Il rappelle que, malgré le miroitement d’une baisse de tarifs et d’une gestion professionnelle de l’eau, dans presque tous les pays où la gestion a été privatisée, ceux-ci ont augmenté et souvent de façon drastique, comme à Cochabamba en Bolivie, où les gens se sont rebellés.

Le gros show du Forum mondial de l'eau

Le 4e Forum mondial de l’eau (FME) qui s’est tenu à Mexico en mars 2006 fut une occasion, pour les partisans de la privatisation, de créer un consensus de plus en plus large autour des vues du Conseil mondial de l’eau (CME) - l’organisme fondateur des FME - et de la Banque mondiale. Grâce à sa correspondance au journal Alternatives, Frédéric a pu obtenir une accréditation et ainsi pénétrer, avec sa caméra, dans l’enceinte hautement sécurisée du forum. Un gros spectacle.

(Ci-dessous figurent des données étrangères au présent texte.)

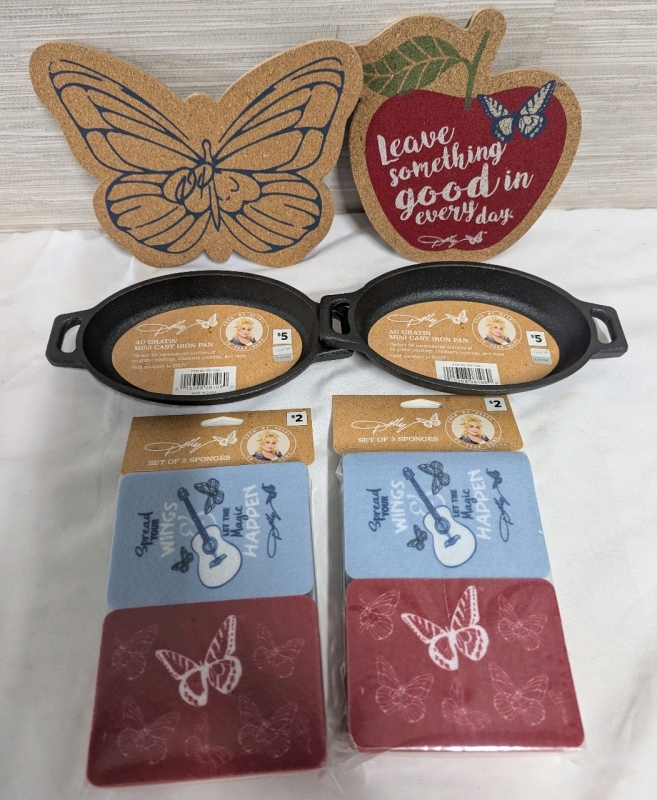 New Dolly Branded Kitchen Lot. 2 Cork Trivits, 2 Au Gratin Mini Cast Iron Pans and 2 Set of 2 Sponges. Cast Iron Pans Measure 7.5" Across with Handles.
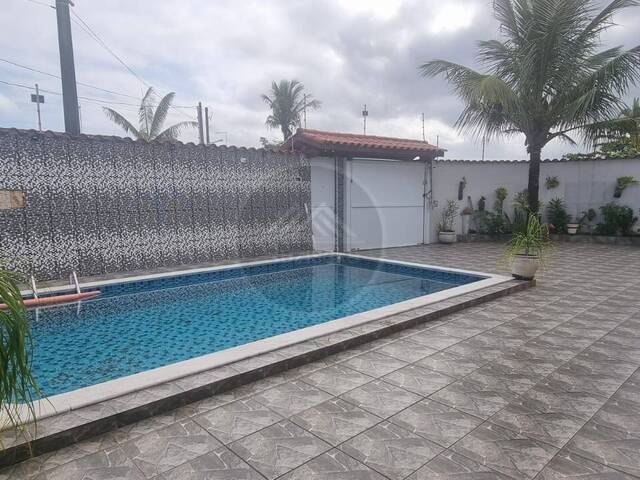CASA COM PISCINA para Venda em Itanhaém - 3
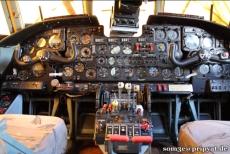 Im Cockpit der An-26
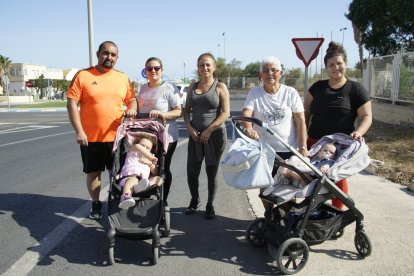 Los más pequeños también se apuntaron a la peregrinación para ver al Cristo de la Luz.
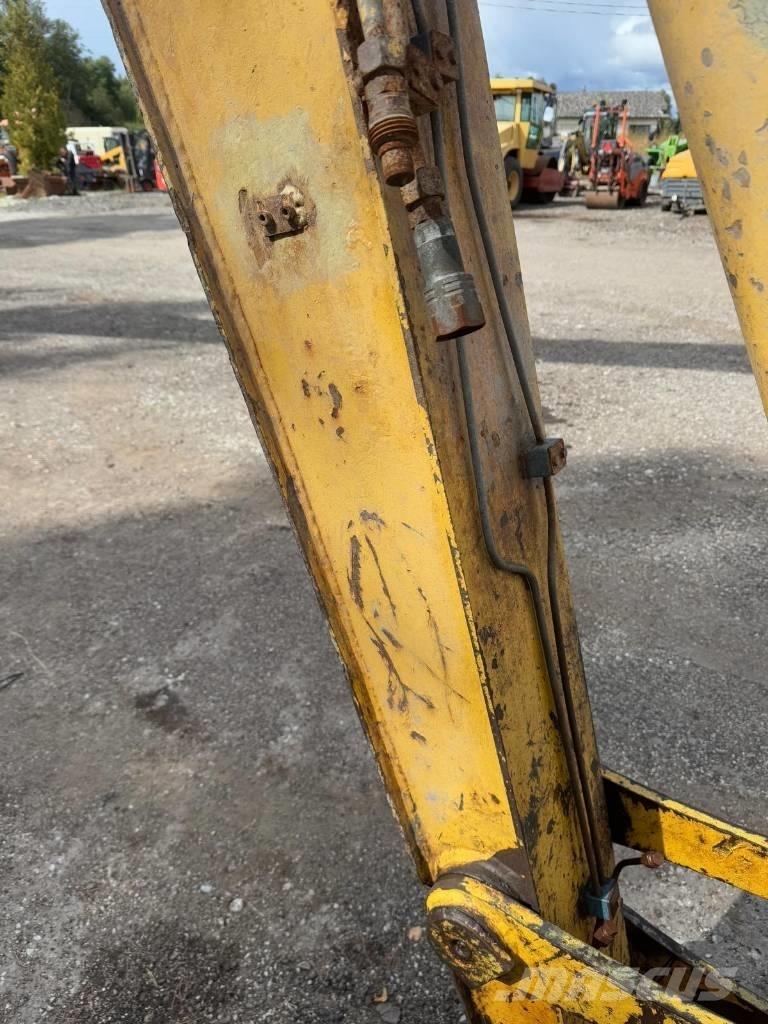 New Holland E 215 Gravemaskiner med lang bom
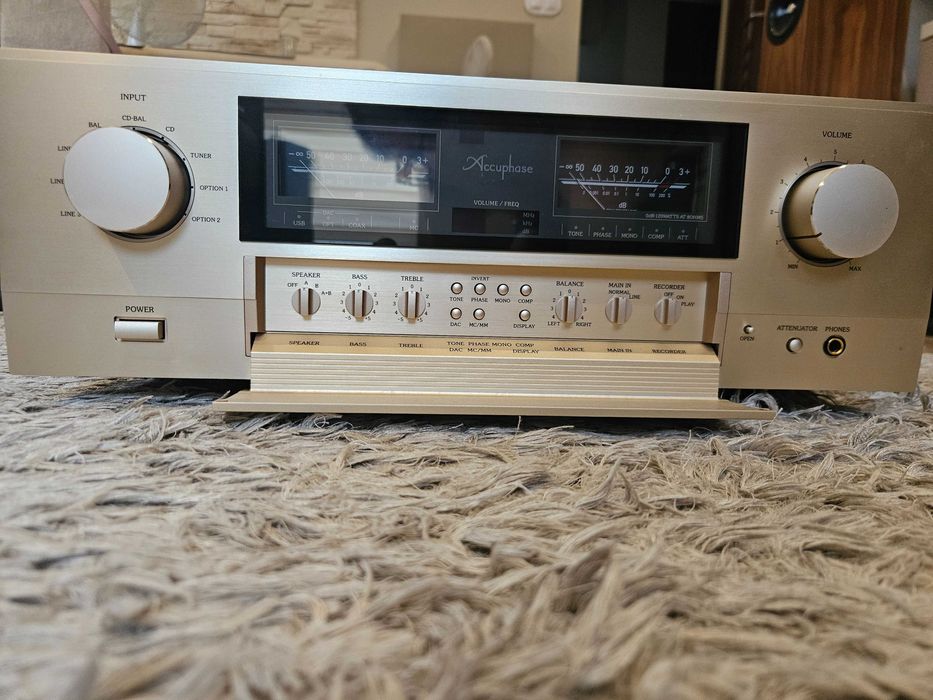 Wzmacniacz Accuphase E-380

Cet événement est un point culminant, après un travail de longue haleine de propagande par les médias et de lobbying effectué à toutes les instances, explique Frédéric. « On crée carrément un contexte pour faciliter la signature de contrats. Il y a des séances de négociations qui sont à l’horaire entre des partenaires publics et privés pour signer ce genre de contrats. »

Des paysans pauvres jusqu'à Carlos Slim

Du local au mondial, Discours d’eau présente en 34 minutes le leader paysan M. Suastegui Munoz de l’État de Guerrero, Andrés Barreda, chercheur universitaire, Jorge Legoretta, urbaniste, Maude Barlow, militante canadienne, mais aussi Carlos Slim, magnat mexicain des télécommunications et homme le plus riche au monde, Loïc Fauchon, président du CME, Jacques Labre, employé de Suez Environnement, et quelques autres.

Saël tient à rappeler que se battre pour l’eau est risqué. Dans l’État de Guerrero, il y a eu déjà des assassinats politiques. Du côté mazahua, le leader Santiago Perez Alvarado a été emprisonné arbitrairement pendant trois mois à partir de juillet dernier. Au moment de l’entrevue, il venait d’être relâché.

Le film a été projeté en première mondiale lors des dernières Rencontres internationales du documentaire de Montréal, et ses artisans en sont présentement à travailler pour sa distribution.

Discours d’eau (en dix courts), moyen-métrage documentaire, 34 minutes, 2007.